▶ WORK REQUEST: The reply should hold only the lines below from the one with "Stowe Apartment |" to the end, each copied exactly.

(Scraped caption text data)

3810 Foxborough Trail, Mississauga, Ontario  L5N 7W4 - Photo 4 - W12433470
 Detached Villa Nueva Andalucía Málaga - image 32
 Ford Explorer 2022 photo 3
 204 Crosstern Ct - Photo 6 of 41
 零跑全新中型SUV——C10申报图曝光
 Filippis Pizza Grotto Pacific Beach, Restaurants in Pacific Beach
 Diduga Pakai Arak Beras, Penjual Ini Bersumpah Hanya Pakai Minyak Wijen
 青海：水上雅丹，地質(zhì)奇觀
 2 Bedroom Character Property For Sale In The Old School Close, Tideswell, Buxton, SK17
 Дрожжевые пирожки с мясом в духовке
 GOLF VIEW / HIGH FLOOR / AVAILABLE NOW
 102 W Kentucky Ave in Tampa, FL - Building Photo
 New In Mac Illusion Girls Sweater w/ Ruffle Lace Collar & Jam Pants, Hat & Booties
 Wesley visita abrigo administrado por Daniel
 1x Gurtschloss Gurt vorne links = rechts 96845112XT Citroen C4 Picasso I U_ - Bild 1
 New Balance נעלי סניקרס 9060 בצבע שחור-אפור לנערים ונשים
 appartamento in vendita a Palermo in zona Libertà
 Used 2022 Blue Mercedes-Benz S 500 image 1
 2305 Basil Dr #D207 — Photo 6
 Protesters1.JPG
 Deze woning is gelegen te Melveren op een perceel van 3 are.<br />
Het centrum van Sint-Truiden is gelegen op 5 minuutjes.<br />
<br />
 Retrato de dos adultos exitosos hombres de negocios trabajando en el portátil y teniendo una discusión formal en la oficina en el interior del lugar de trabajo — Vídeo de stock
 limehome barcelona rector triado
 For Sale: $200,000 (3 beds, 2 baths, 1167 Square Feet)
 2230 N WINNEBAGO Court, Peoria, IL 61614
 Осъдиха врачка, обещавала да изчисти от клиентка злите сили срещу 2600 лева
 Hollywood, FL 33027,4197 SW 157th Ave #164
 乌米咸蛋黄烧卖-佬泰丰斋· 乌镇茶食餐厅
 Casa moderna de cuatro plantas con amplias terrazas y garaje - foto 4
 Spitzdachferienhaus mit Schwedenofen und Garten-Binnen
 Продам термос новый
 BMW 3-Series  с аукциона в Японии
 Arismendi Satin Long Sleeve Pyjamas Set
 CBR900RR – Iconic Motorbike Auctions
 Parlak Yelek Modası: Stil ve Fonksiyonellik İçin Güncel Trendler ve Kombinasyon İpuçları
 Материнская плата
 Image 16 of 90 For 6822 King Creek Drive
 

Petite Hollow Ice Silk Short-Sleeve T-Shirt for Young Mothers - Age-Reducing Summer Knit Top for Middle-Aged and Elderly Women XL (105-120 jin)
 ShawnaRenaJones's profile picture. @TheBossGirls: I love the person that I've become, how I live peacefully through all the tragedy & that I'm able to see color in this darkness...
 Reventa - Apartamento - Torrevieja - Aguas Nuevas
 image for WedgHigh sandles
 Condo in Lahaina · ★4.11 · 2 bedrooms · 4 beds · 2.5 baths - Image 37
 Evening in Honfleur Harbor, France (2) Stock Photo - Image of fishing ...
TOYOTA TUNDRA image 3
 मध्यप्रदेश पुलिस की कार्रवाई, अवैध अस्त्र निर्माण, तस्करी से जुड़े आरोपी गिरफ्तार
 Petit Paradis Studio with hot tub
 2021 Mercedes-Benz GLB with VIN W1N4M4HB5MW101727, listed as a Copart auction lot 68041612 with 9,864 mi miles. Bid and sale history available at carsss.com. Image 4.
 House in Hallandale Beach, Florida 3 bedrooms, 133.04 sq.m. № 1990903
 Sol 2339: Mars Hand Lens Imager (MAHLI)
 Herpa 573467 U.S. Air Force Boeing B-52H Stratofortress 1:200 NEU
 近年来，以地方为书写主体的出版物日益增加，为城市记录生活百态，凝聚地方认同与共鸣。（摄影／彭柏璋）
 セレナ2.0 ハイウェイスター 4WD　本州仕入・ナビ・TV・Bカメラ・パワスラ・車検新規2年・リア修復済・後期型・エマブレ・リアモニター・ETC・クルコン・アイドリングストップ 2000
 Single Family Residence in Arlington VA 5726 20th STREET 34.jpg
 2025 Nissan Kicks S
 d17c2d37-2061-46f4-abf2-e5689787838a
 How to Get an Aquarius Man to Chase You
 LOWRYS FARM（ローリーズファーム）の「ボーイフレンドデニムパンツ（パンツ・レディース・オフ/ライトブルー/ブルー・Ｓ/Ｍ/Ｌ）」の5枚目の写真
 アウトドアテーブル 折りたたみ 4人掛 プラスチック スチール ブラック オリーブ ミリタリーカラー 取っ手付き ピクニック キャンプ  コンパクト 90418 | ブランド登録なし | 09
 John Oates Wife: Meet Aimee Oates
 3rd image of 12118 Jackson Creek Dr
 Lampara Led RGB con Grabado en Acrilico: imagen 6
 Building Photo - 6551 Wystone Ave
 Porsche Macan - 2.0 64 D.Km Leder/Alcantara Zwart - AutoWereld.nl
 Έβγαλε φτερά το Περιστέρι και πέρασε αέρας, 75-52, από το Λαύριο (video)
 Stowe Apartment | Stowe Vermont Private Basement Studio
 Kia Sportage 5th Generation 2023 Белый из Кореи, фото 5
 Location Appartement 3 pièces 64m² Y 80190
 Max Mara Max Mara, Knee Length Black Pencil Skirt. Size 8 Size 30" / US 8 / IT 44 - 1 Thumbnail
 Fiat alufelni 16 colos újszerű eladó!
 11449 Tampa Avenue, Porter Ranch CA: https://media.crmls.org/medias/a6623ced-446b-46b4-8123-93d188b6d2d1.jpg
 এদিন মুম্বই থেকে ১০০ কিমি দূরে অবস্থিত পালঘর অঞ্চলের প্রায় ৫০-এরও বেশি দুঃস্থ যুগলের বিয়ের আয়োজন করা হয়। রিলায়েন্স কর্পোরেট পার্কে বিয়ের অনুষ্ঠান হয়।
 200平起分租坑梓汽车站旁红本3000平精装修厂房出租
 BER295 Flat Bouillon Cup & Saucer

▶ ANSWER SPACE:
 Stowe Apartment | Stowe Vermont Private Basement Studio
 Kia Sportage 5th Generation 2023 Белый из Кореи, фото 5
 Location Appartement 3 pièces 64m² Y 80190
 Max Mara Max Mara, Knee Length Black Pencil Skirt. Size 8 Size 30" / US 8 / IT 44 - 1 Thumbnail
 Fiat alufelni 16 colos újszerű eladó!
 11449 Tampa Avenue, Porter Ranch CA: https://media.crmls.org/medias/a6623ced-446b-46b4-8123-93d188b6d2d1.jpg
 এদিন মুম্বই থেকে ১০০ কিমি দূরে অবস্থিত পালঘর অঞ্চলের প্রায় ৫০-এরও বেশি দুঃস্থ যুগলের বিয়ের আয়োজন করা হয়। রিলায়েন্স কর্পোরেট পার্কে বিয়ের অনুষ্ঠান হয়।
 200平起分租坑梓汽车站旁红本3000平精装修厂房出租
 BER295 Flat Bouillon Cup & Saucer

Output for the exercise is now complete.